What you have to do:
In the records below, find the line holding "Discours sur le"; copy it and every line after it to the end, omitting all images.

[Image-text web data]
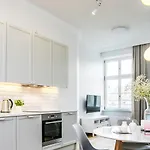 Апартаменты Mint Luxury At The Main Square Краков
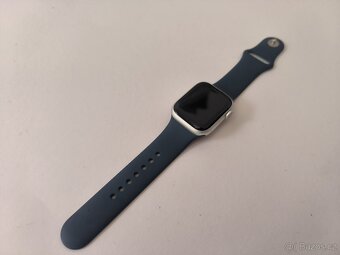 apple watch 9 41mm Starlight Cellular - 5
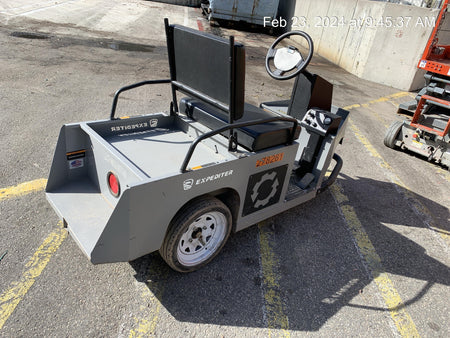 2022 COLUMBIA Expediter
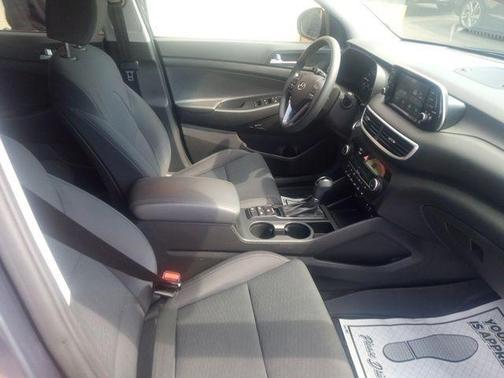 2019 Hyundai TUCSON Sport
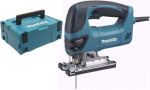 Electric jigsaw MAKITA 4350FCTJ, 720 W, 135 mm, Makpac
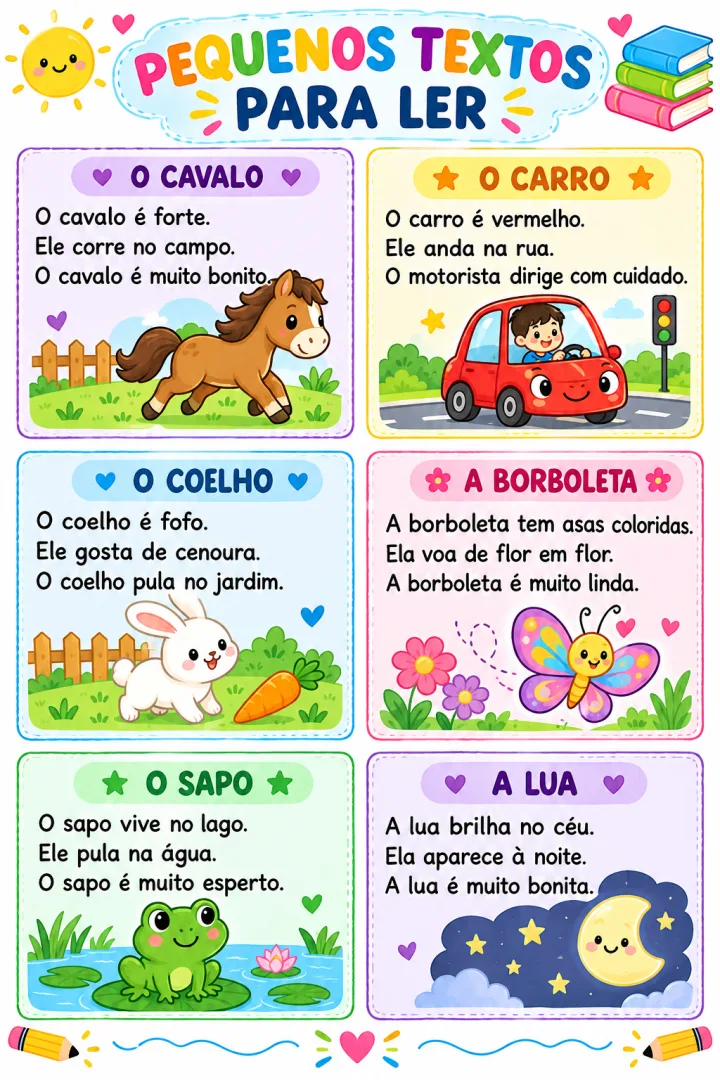 Atividades de Leitura e Ditado 1º Ano 2º Ano Alfabetização em PDF — imagem 5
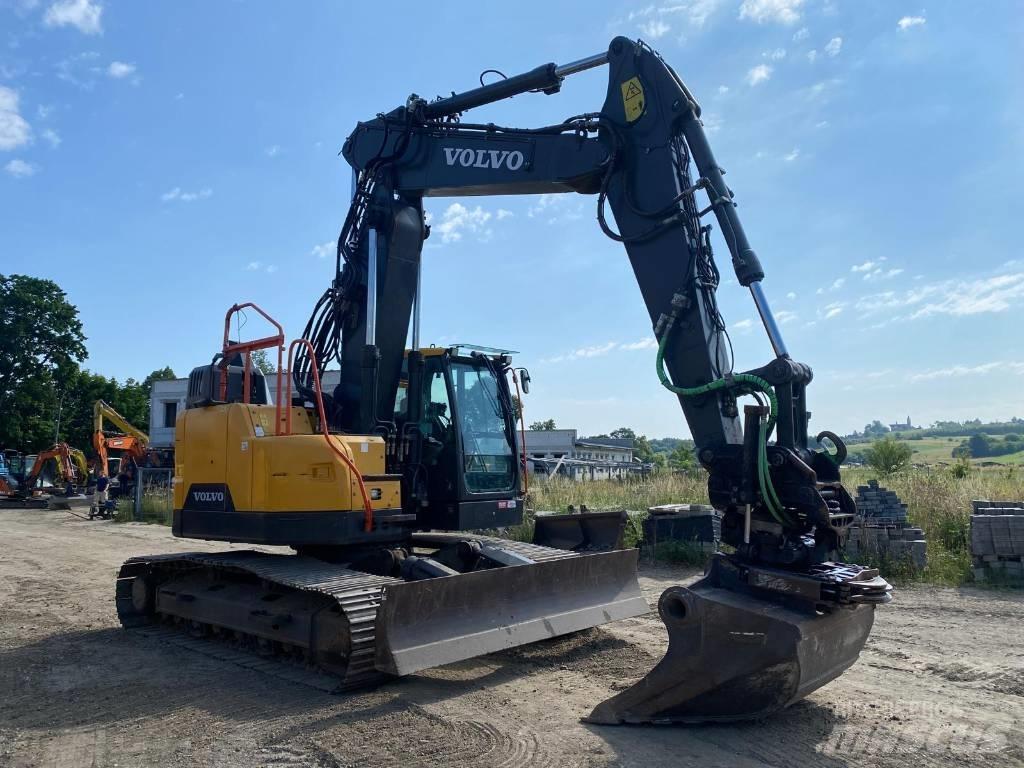 Volvo ECR 235 Raupenbagger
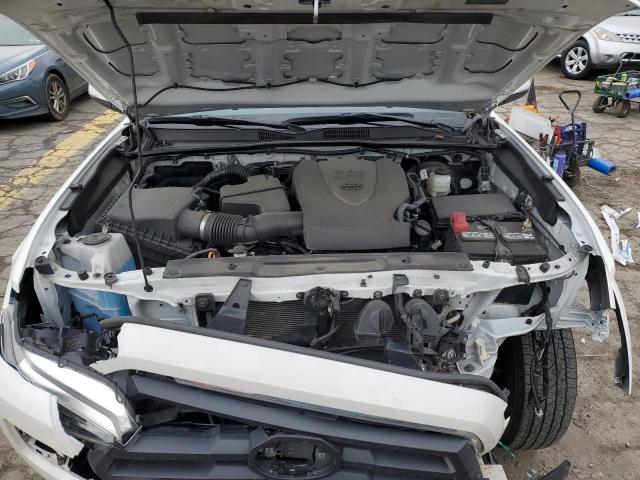 3TYRZ5CN2MT010067 - 2021 TOYOTA TACOMA ACCESS CAB თეთრი ფოტო 11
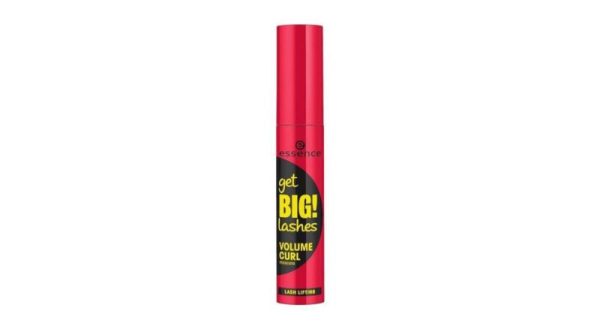 ریمل حجم دهنده اس-نس مدل Get Big Lashes Volume Curl قرمز - Image 1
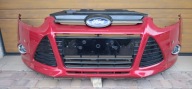 FORD FOCUS MK3 ORYGINALNY ZDERZAK PRZEDNI NA 6 PDC Z HALGENAMI BM51-17757-A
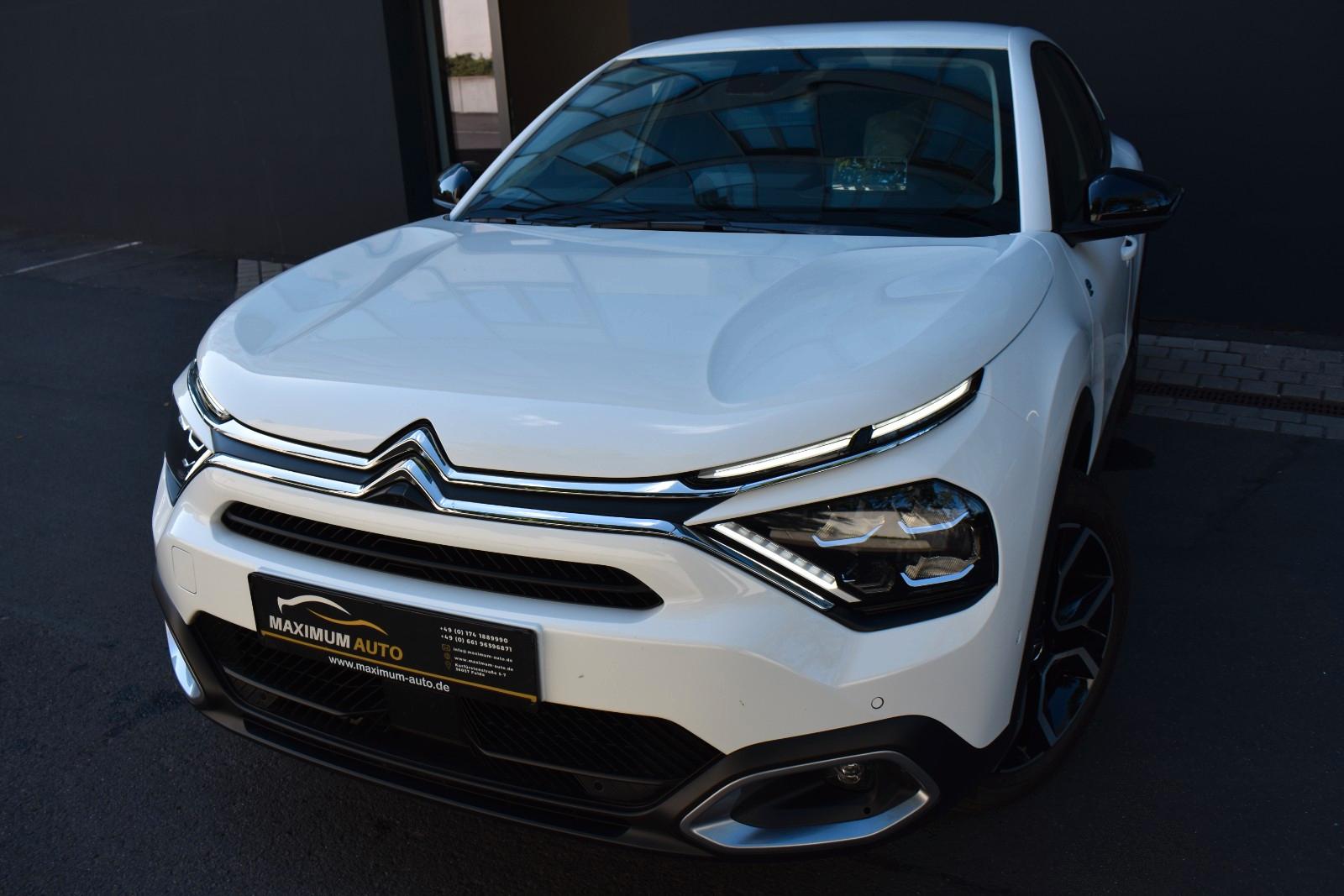 Citroën C4 X ë- Shine | HUD | NAVI | KAMERA | ACC | LED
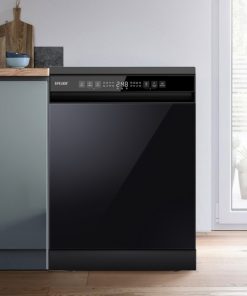 MÁY RỬA BÁT SPELIER SP 15 DW NX BLACK - 24 MÁY RỬA BÁT SPELIER SP 15 DW NX BLACK - 23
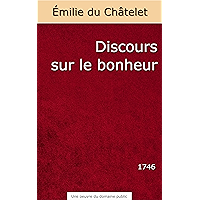 Discours sur le bonheur (French Edition) book cover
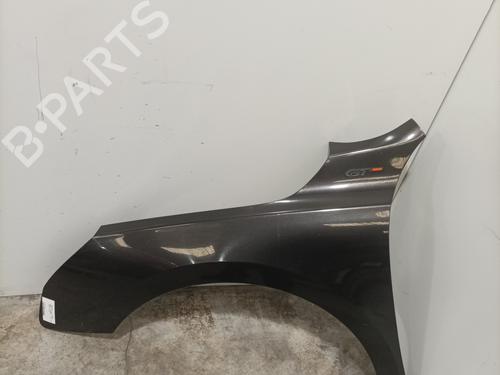 Used Left front fenders PEUGEOT 508 I (8D_) 2.2 HDi (204 hp) 27575098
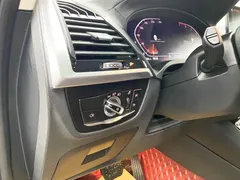 2020 BMW X3 Luxury Package, белый — фото 11
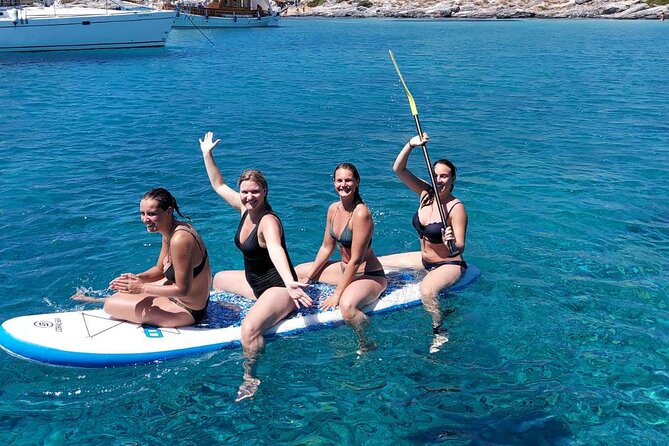 Sailing day to Dia island - Price and Value: Is $102.25 Worth a Full Sea Day?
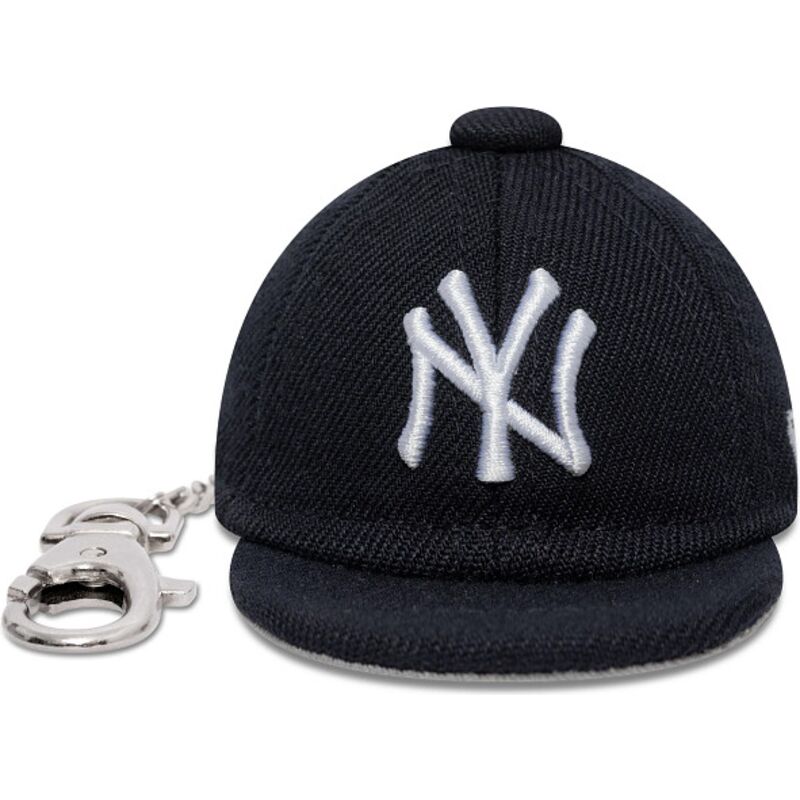 prislusenstvi-namornicka-modra-llavero-mini-cap-keychain-new-york-yankees-mlb-new-era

Response to this task:
 Discours sur le bonheur (French Edition) book cover
 Used Left front fenders PEUGEOT 508 I (8D_) 2.2 HDi (204 hp) 27575098
 2020 BMW X3 Luxury Package, белый — фото 11
 Sailing day to Dia island - Price and Value: Is $102.25 Worth a Full Sea Day?
 prislusenstvi-namornicka-modra-llavero-mini-cap-keychain-new-york-yankees-mlb-new-era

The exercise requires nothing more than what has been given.